Lenovo blames ongoing component supply constraints for profit decline
Chairman Yang Yuanqing says group fared well despite macro-economic uncertainties and business transition
Lenovo Group, the world’s largest supplier of personal computers, warned on Thursday that its industry’s component supply constraints would remain challenging for the near term, after reporting weaker-than-expected earnings for the quarter ended December 31 as its three main business lines recorded slow to no growth at all.
The company said net profit declined by 67 per cent to U$98 million in its fiscal third quarter to December, compared with US$300 million in the same period in 2015, as sales of smartphones and data centre systems stagnated.
Revenue declined 3 per cent to US$12.17 billion from US$12.91 billion a year earlier.
Its net profit missed the US$145.9 million consensus estimate of analysts surveyed by Bloomberg, but revenue was ahead of their US$11.69 billion forecast.

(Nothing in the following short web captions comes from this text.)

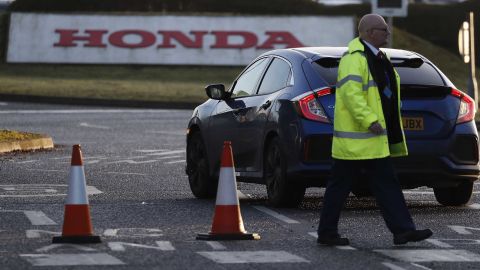 A man walks past the entrance of the Honda plant in Swindon on Tuesday.
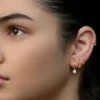 Photo en studio d'une femme arborant un curated ear avec plusieurs piercings au lobe et un anneau d'hélix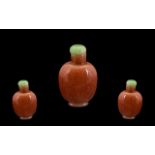 Chinese Pink Speckled Glass Snuff Bottle, with jade stopper, Plain Form Height 2.5 Inches.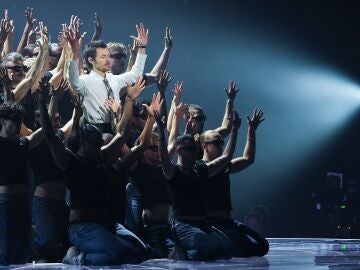 Harry Styles performs during the Brit Awards 2026 in Manchester, England, Saturday, Feb. 28, 2026. (Photo by Scott A Garfitt/Invision/AP)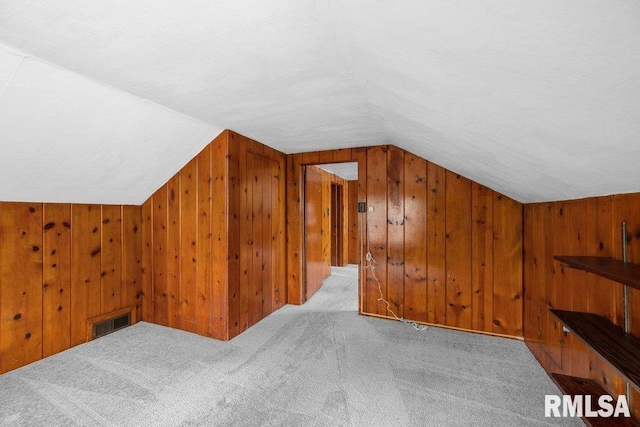 bonus room featuring light colored carpet, vaulted ceiling, and wood walls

Shares of Lenovo tumbled 6.69 per cent to HK$4.88 at the close of trading on Thursday.
Yang Yuanqing, Lenovo’s chairman and chief executive, said in a conference call that “component supply constraints across the industries the group operates in had impacted [its financial]performance”.
“If we had enough supply of DRAM (dynamic random access memory) chips and camera components last quarter, we could have sold two million more smartphones,” Yang said.
Alberto Moel, a senior analyst at Bernstein Research, said this was the first time Lenovo has seen an impact from higher component costs. “Its gross margins were compressed from higher costs for battery, displays and memory,” Moel said.
Lenovo’s gross margin, which represents the selling price of goods less production or acquisition costs, reached 13.1 per cent last quarter, down from 14.6 per cent a year earlier.
Market research service DRAMeXchange has estimated the average selling price of DRAM products for smartphones, personal computers, servers and other applications will rise by more than 30 per cent, on average, during the first three months of this year, compared with the same period a year ago, even as the supply situation remained tight.
Gianfranco Lanci, Lenovo’s chief operating officer, said this industry-wide concern could ease up in the second half of the year.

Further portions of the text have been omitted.